Slang

Today’s groovy topic might cause you to flip your wig if you can’t dig it. It will play with your head. I’m hoping this blog will make you mellow and not be a bummer, but who knows. It might just send you trippin’. Slang. We all use it. Check Google, and you can find popular slang by the decade to refresh your memory. That doesn’t even include jargon, which is work slang developed around any job or work type or situation.

Each generation creates its own way of saying things, short cuts, slapped-together metaphors, references, allusions, images, or, now, techno types of things like emojis. I’m sure the parents of Egyptian teens were wondering what the teens were saying during the time the pyramids were being built. It seems to be human nature.

Slang is a way of inclusion and exclusion. It separates those in the know from those who aren’t. Civil war youth had an entire language with fans, flowers, and gloves to give dating cues to the opposite sex in ways that the parental chaperones could not get. Slang can be subversive. It is weaponized communications used in many ways to include, exclude, separate, isolate, intimidate, love on, and meet many other needs of the communicator, sometimes just self affirmation.

I think about this when I overhear Christian speak. Christians have their own language, slang, short cuts, logic, and Bible based understanding. It is beautiful when they are together and have the same Christian speak. However, it is painful when Christian speak is used with non believers.

I’ve heard witnessing persons ask a person if they were “saved.” That is a question that a Christian would understand because it carries a lot of logic and theology with the term. A non-Christian won’t understand that. They will probably understand a potential threat and that they have been made a target, but not understand the term.

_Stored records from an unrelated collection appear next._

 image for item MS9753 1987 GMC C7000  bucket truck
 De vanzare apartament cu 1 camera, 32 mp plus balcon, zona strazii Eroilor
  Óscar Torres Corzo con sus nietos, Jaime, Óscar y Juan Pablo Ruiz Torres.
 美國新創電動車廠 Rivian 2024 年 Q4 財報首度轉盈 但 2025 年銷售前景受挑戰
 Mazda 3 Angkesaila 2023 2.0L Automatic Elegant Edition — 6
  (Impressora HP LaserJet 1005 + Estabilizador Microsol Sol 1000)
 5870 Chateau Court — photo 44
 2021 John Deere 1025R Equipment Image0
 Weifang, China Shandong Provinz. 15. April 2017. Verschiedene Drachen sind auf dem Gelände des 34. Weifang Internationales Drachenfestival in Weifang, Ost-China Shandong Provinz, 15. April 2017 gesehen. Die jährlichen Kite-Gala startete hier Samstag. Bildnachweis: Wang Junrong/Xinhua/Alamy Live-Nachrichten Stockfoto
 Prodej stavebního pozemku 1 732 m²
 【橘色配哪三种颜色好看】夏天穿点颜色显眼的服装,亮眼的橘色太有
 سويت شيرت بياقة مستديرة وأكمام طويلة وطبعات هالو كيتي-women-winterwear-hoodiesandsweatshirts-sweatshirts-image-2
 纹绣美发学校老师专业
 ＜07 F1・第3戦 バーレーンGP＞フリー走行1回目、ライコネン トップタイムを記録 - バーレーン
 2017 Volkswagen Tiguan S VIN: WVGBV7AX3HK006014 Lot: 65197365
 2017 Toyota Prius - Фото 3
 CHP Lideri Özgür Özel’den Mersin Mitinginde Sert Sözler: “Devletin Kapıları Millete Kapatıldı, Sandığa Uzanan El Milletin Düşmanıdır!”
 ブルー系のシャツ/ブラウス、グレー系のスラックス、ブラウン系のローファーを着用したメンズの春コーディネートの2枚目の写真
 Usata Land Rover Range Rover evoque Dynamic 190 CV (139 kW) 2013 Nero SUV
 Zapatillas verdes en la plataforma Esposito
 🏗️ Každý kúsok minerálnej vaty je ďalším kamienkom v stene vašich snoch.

Christians use scriptures to verify their thoughts which is great, except when they are doing so with a non believer who does not recognize or understand the Bible. Jesus told parables. He explained heavenly principles in the terms the common man could understand. He only used the Bible terminology with the Pharisees and Sadducees who were trained in their common faith. Jesus communicates with us in ways that we can understand. That is loving.

I am challenged to consider how I am communicating. Am I forcing others to understand me and my thinking processes, or am I trying to understand them so I can communicate clearly and thoughtfully? Am I stretching to understand and love them, or forcing them to stretch and understand me? The truth of Jesus and heaven can be told in any language, circumstance, culture, and career. Jesus proved that in the way He taught and shared.

Seeing the beauty of God everywhere and in everything is encouraging. That encouragement can and should be shared. We are called to witness, but not to alienate through thoughtless language and slang.

I once was invited to a ministry at a retirement home for military personnel. I was extremely concerned because I had never been in the military and didn’t know how to talk to them. I realized that all I had to do was listen. Jesus had been every place they had gone and with them through all they had experienced. All I had to do was listen, and I would be able to point the Lord out to them in their own life experience. It was not about me, my understanding, or my slang. It was about the creator of the universe who truly and deeply loves everyone.